We live in a generation where we have unlimited access to technology right at our fingertips. This can be helpful for so many people, across the world. Loved ones can talk from thousands of miles away, education can persist in the face of a global pandemic, and the masses have the ability to always be armed with the truth. Right?
Unfortunately, it’s not and has never been that simple. Of course, our lives have been improved in ways we never thought possible, but now we’ve grown past our days of dial-up and modem, we’ve created ways to let misinformation reign. We all have a story where we, or someone we know, fell for a lie online. Whether it was a virus or a simple fib, we’ve all messed up. That’s just human nature to slip up occasionally.
It’s also in our nature to require knowledge above all.

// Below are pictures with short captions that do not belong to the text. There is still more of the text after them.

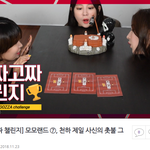 <b>모모</b>랜드 열정 인정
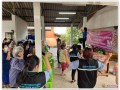 โครงการลดเสี่ยง ลดโรค ชีวีมีสุข บ้านสบทก หมู่ 3 ... Image 1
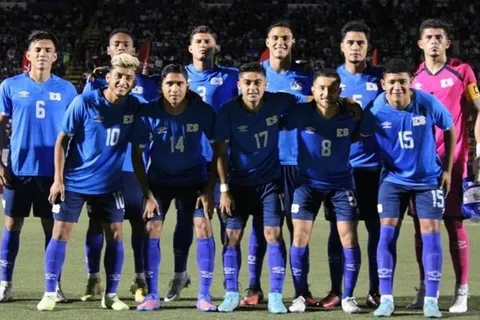 El seleccionado que ve buenas posibilidades para El Salvador de clasificar al Mundial 2026
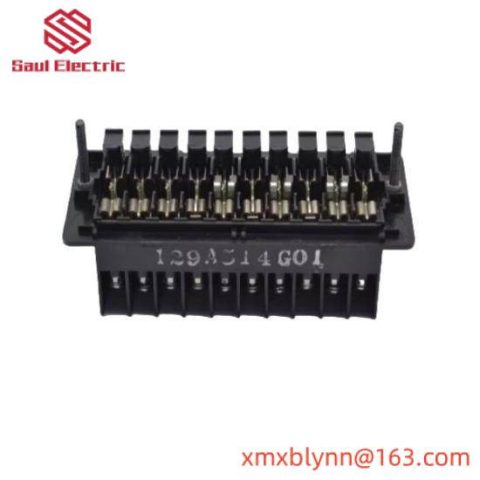 ABB DSRF185 AC410 Cardfile Module for Industrial Control Systems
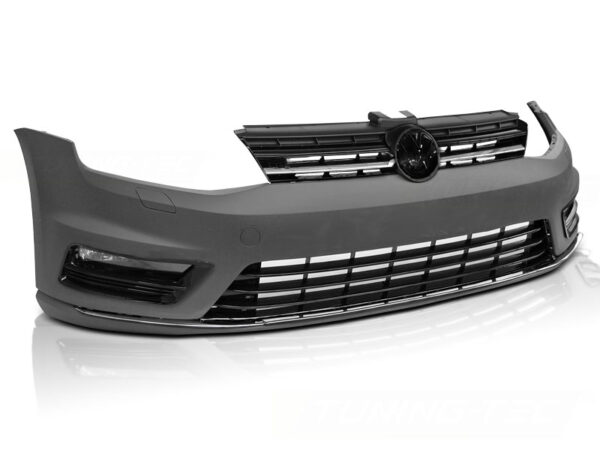 Frontfanger VW Golf 7 13-17 Sport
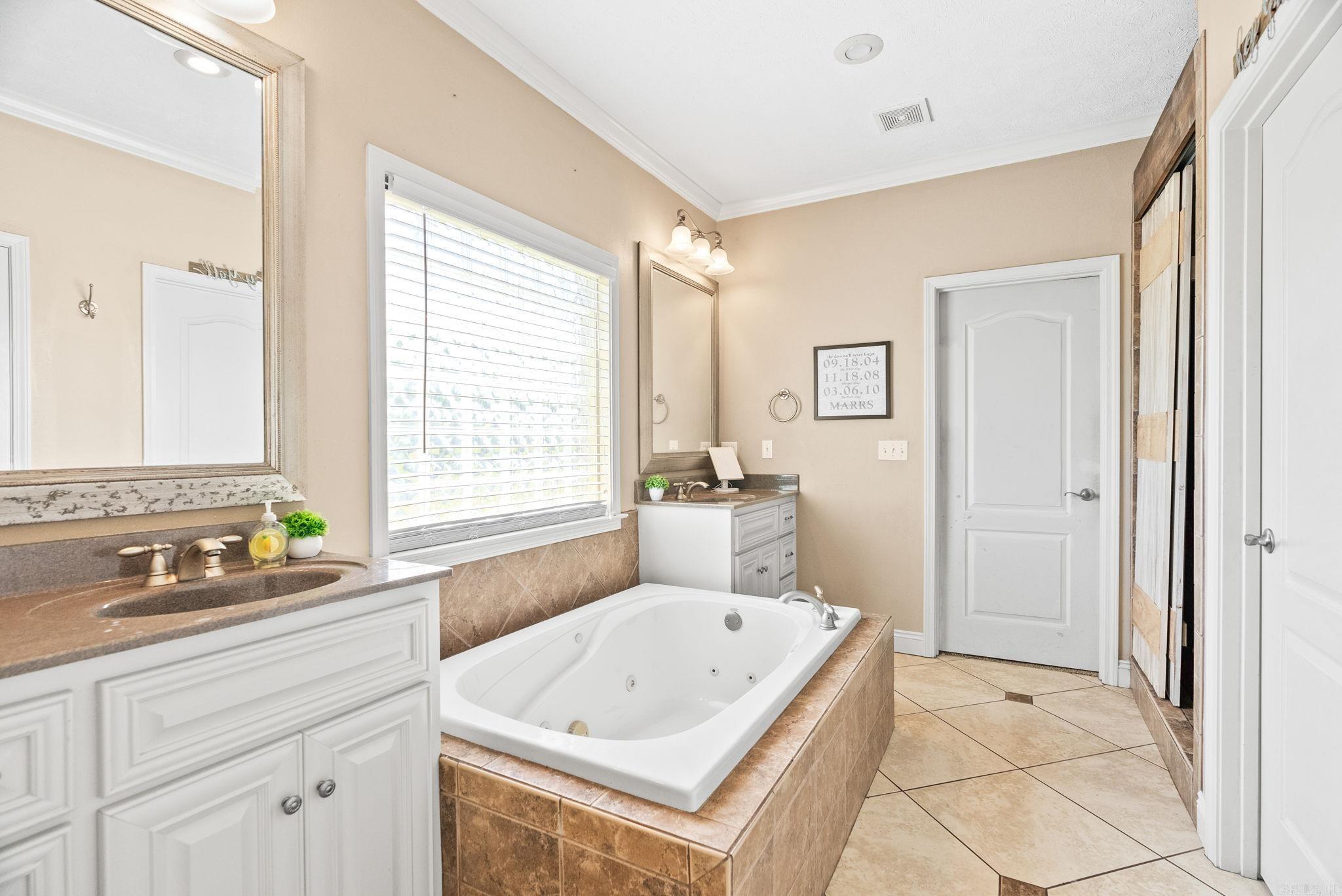 73 Win Meadow Lane  Greenbrier, AR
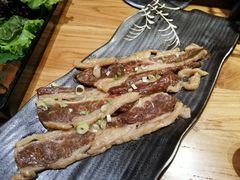 -黑牛の店·和牛烧肉(大悦城店)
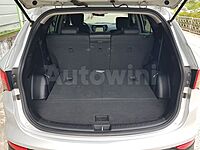 Hyundai Santa Fe 2013 ID: V169251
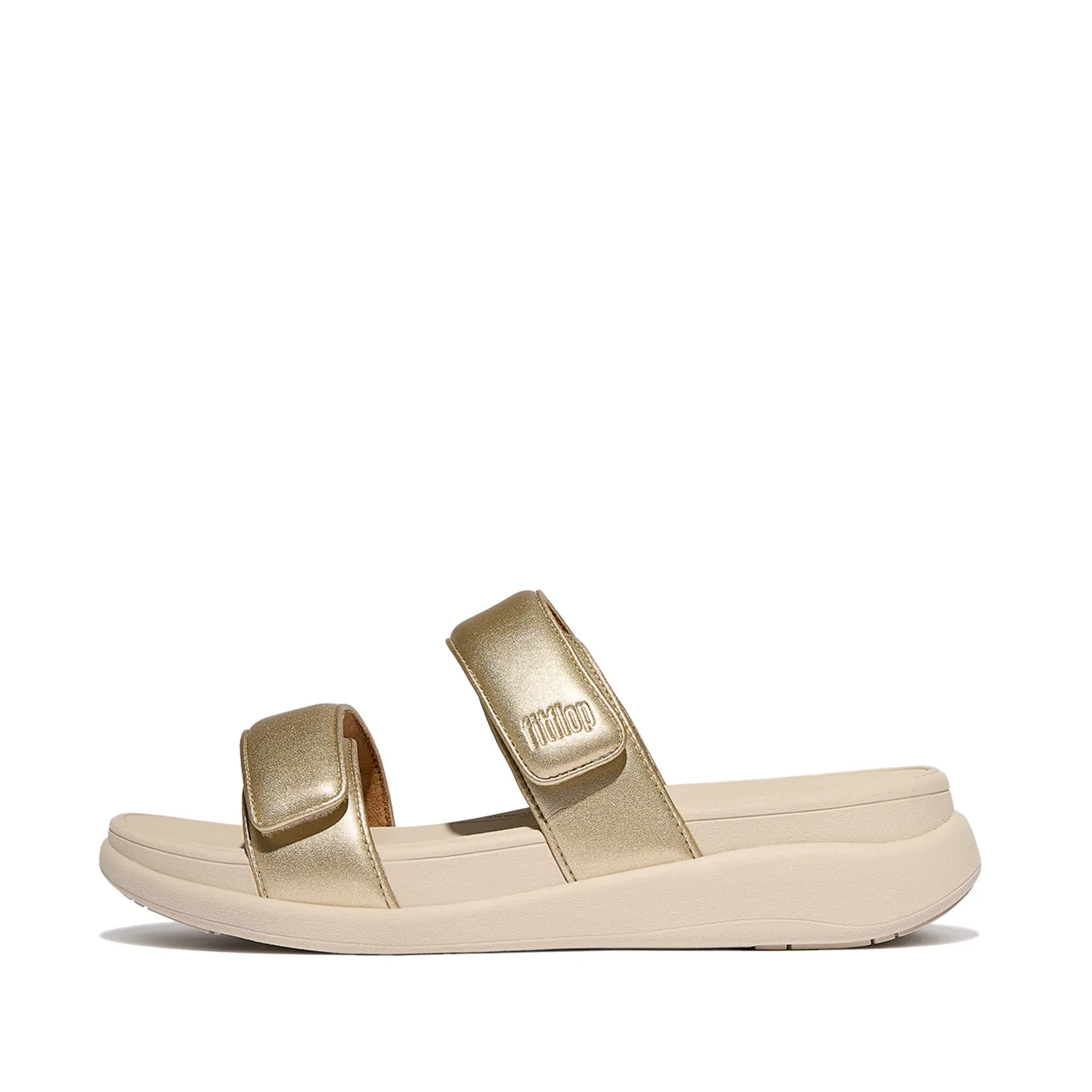 Zeppe da donna FitFlop F-Mode Go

We need to know how things happened, what to know, who to believe, and when things happened. Co-Founder of the counseling and wellness center of Pittsburg hypothesizes that “we’re hard-wired for it on an evolutionary level because if we learn about the big scary thing or we get the answers, then we can control our environment.”
It’s because of this, that we’ve come so far as a human race. This urge can lead to breakthroughs or victories but what happens when you have no revolutionary breakthrough, and you’re trying to find out how a corrupt billionaire got away with something? What happens when you have no battle to win, but instead have to figure out why you’re friends went out on the town without you? We scroll. We search for more info. We look at more posts. For some, they can stop themselves. For others, they may scroll for hours.
The National Institute of Health defines this as “doomscrolling”. A “commonly defined habit of scrolling through social media and news feeds where users obsessively seek depressing and negative information”.
Most of the time, this is unconscious. A tragedy may happen, we may see all of our friends in a photo without us, or we may just be looking at too much negative content. Either way, we’re surrounding ourselves with material that’s bad for our mental health.
Researchers have linked this behavior to insomnia, anxiety, and poor mental health. The National Institute of Health proved this by running a study back in October of 2022. Where the results showed that in ages 18-64, doom-scrolling across social media, like Twitter, significantly and negatively linked to mental well-being, and harmony in life, while positively relating to psychological distress.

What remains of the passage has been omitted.